[Short descriptive text snippets]
####
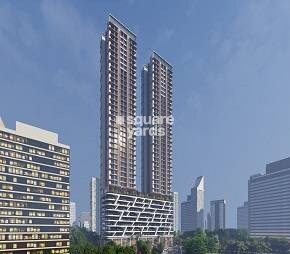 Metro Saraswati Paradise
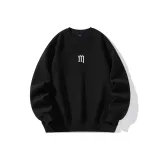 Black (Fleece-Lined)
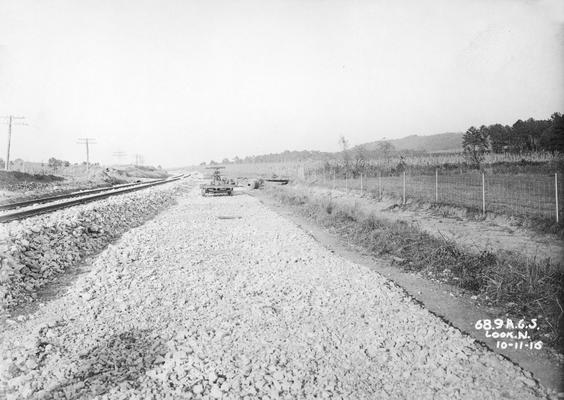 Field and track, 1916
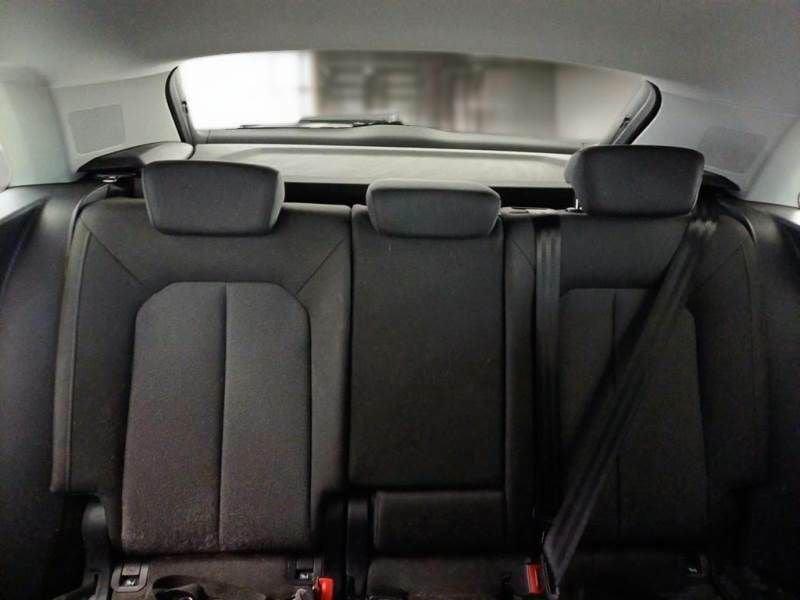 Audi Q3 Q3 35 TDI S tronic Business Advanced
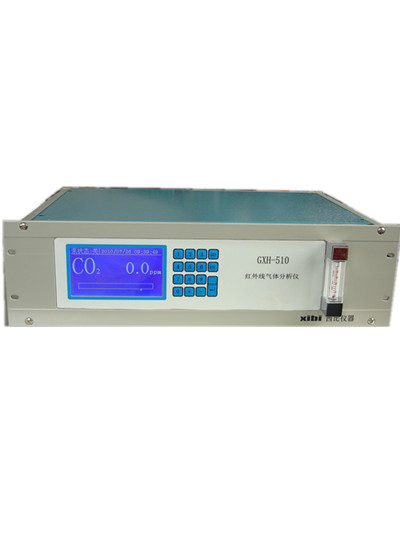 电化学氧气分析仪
####
§ **What the exercise asks**
Each record above is to be restated exactly, with its pictures removed from the copy.

§ **Result**
 Metro Saraswati Paradise
 Black (Fleece-Lined)
 Field and track, 1916
 Audi Q3 Q3 35 TDI S tronic Business Advanced
 电化学氧气分析仪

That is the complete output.